It is uplifting because there is no “happily ever after.”

            As I grow older, much older, I will experience many things, and I will hit rock bottom again and again.  Again and again I will suffer; again and again I will get back on my feet.  I will not be defeated.  I won’t let my spirit be destroyed.

Uplifted yet?  I was surprised how often I went from wishing the characters would smile to underlining a quote about happiness even on bad days.  I believe there have already been movies/TV shows made based on the work but in my head it was all a little bit like Amélie.  Thoughts and sequences zoom.  We’re in one place and suddenly another, with onomatopoeia adding vision and sound to airy descriptions.  It’s not a jarring dichotomy, the prose and the themes; they work together to make a sad book about universal themes different and new.

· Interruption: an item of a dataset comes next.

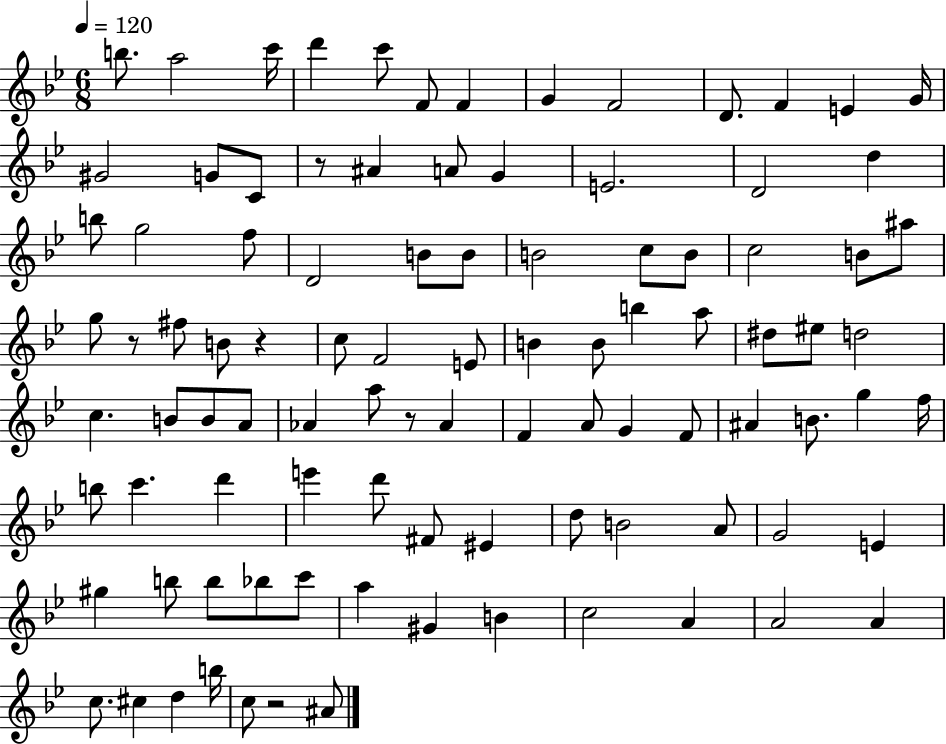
B5/e. A5/h C6/s D6/q C6/e F4/e F4/q G4/q F4/h D4/e. F4/q E4/q G4/s G#4/h G4/e C4/e R/e A#4/q A4/e G4/q E4/h. D4/h D5/q B5/e G5/h F5/e D4/h B4/e B4/e B4/h C5/e B4/e C5/h B4/e A#5/e G5/e R/e F#5/e B4/e R/q C5/e F4/h E4/e B4/q B4/e B5/q A5/e D#5/e EIS5/e D5/h C5/q. B4/e B4/e A4/e Ab4/q A5/e R/e Ab4/q F4/q A4/e G4/q F4/e A#4/q B4/e. G5/q F5/s B5/e C6/q. D6/q E6/q D6/e F#4/e EIS4/q D5/e B4/h A4/e G4/h E4/q G#5/q B5/e B5/e Bb5/e C6/e A5/q G#4/q B4/q C5/h A4/q A4/h A4/q C5/e. C#5/q D5/q B5/s C5/e R/h A#4/e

A minor complaint, for a tiny book, was the dialogue.  I sometimes had to suspend belief that everyone spoke in these lush soliloquies.  Maybe they do in Tokyo, but I imagine it is either something to do with translation or something to do with Japanese novels.  There are some great lines, as if Lord Henry Wotton read more philosophy and made judgements on life rather than beauty.

Lines like“over and over, we begin again” ended paragraphs, and I didn’t roll my eyes.  Watching a character find a way to smile and begin again—not through booze binges or flighty trips across the globe, but through the honest act of picking oneself each morning and keeping one foot in front of the other while walking down the street—makes the truisms more than well-rehearsed phrases.

Other characters and events add dynamic, but it really is the Mikage and Yuichi show.  The fact that the reader doesn’t know every detail of their lives keeps the book short and the focus up front.  It could have been longer, had more dialogue, had more exposition.  But as it is it’s beautiful, and as heartbreaking as the characters were I had to force myself to sleep after I finished it and not start the trauma over again.